Forgive my bluntness, Arizona.
But what precisely was your reason for sending the fossilized remains of John McCain to the Senate for another six years?
If you really wanted to keep the old dinosaur in Washington, couldn’t you have donated his carcass to the Smithsonian?
As I mentioned yesterday, I didn’t have the time or inclination to suffer through James Comey’s testimony.
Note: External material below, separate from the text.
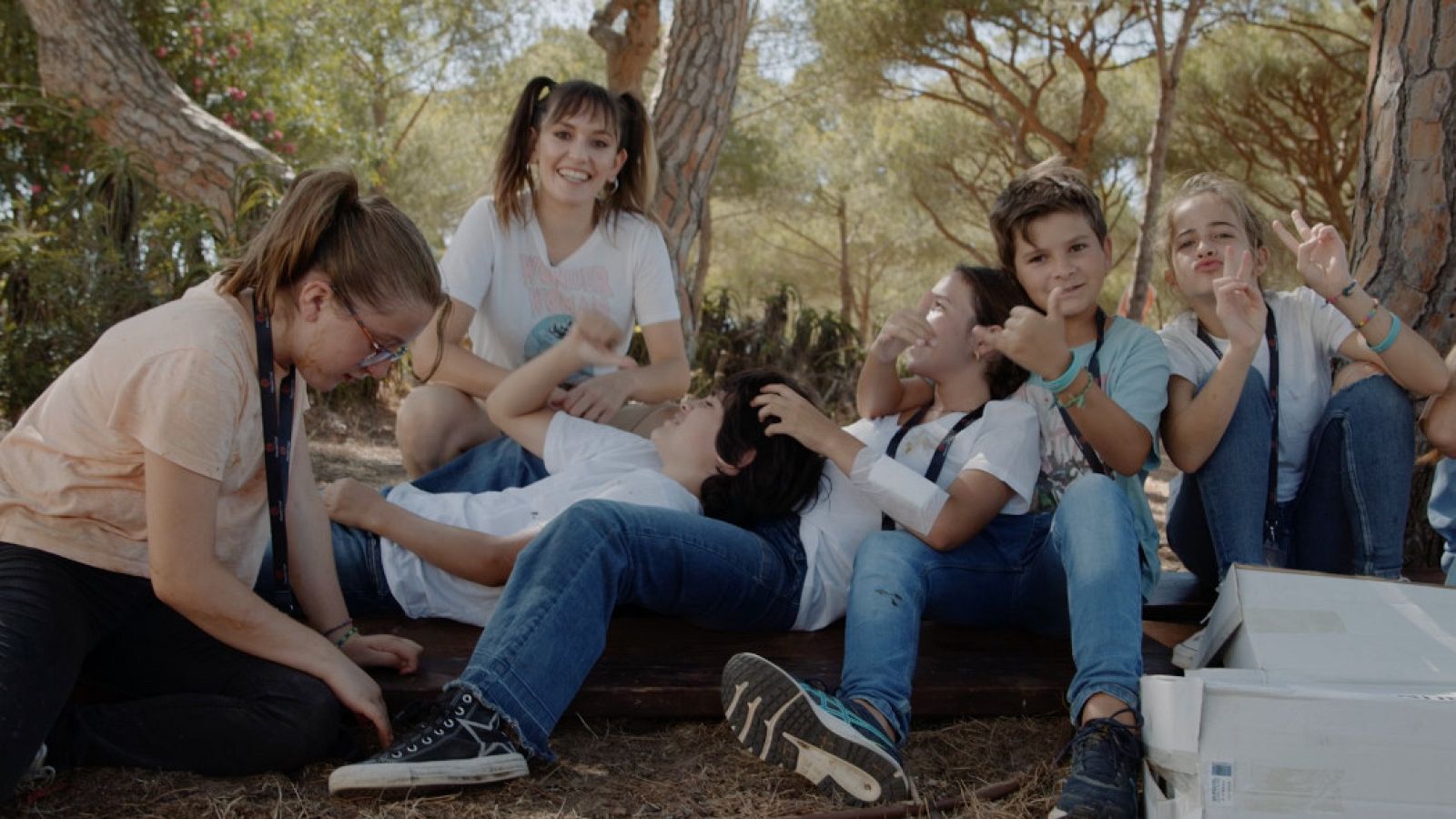 RoEnLaRed se va de campamento con las celebrities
But just as I stopped to have some lunch, I did catch the incoherent ramblings of John Sidney McCain.
This eighty-year-old crustacean from Arizona seemed to be having one heck of a time formulating a complete, cogent line of questions.
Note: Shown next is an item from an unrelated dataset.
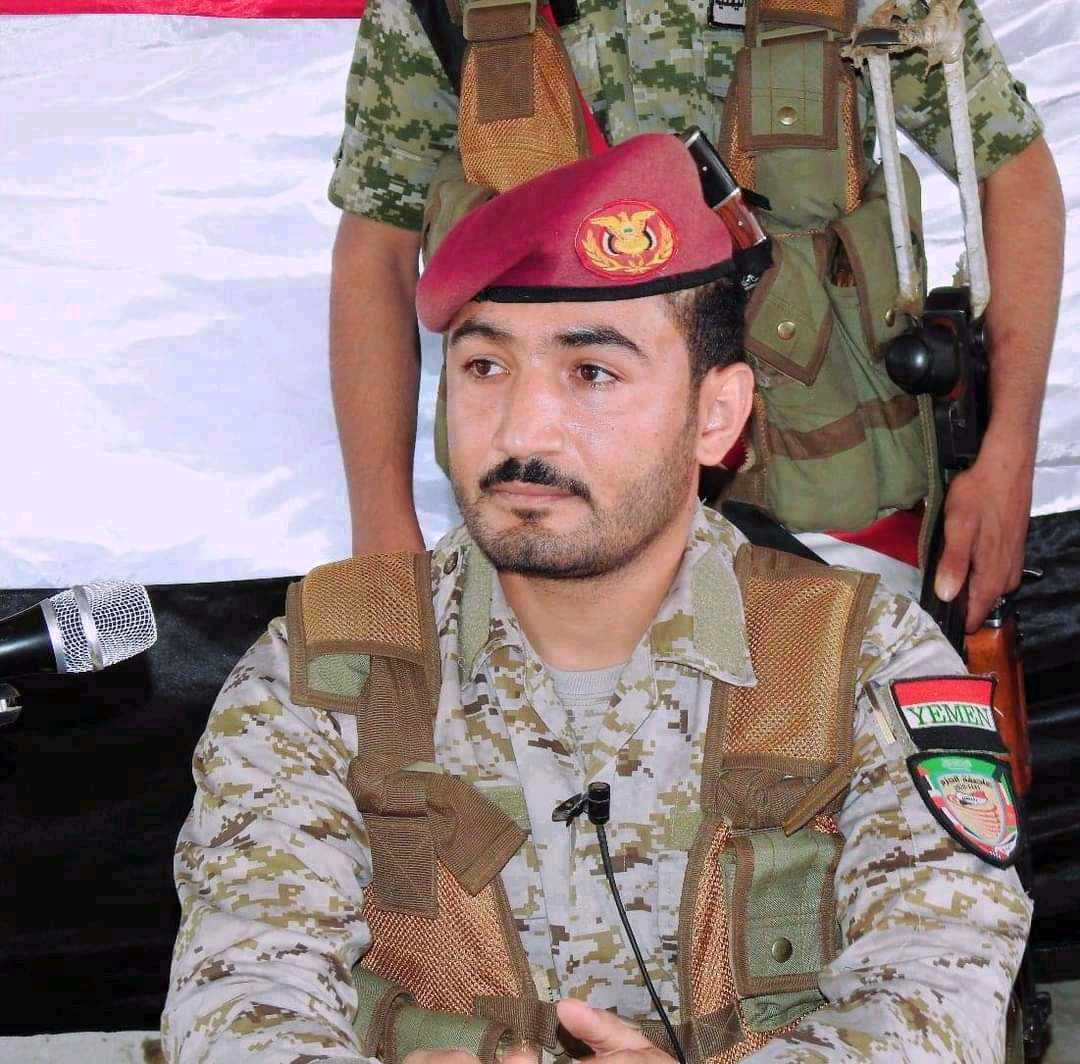 قائد اللواء الثالث عاصفة يعزي في وفاة الشيخ صادق الاحمر 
I’ll tell you, it was painful to watch.
The poster child for term limits couldn’t find his way to a point if we spotted him a complete sentence.
Our elected representatives aren’t supposed to be handed lifetime appointments.
And when a man is eighty years old, it’s time for him to have the good sense to go away.
But since John McCain is too much of a cantankerous asshole to leave of his own accord, it has to fall to voters to retire him.
And did you?
You guys had your chance last year to put this old curmudgeon out to pasture.
Kelli Ward is smart, well-spoken, and a doctor for crying out loud.
But instead of retiring that festering old boil in favor of Ward, you forced him on the rest of the country for another six years.
If this is how befuddled and confused John McCain is in the first year of this latest six-year term, imagine what he’ll be like by 2022.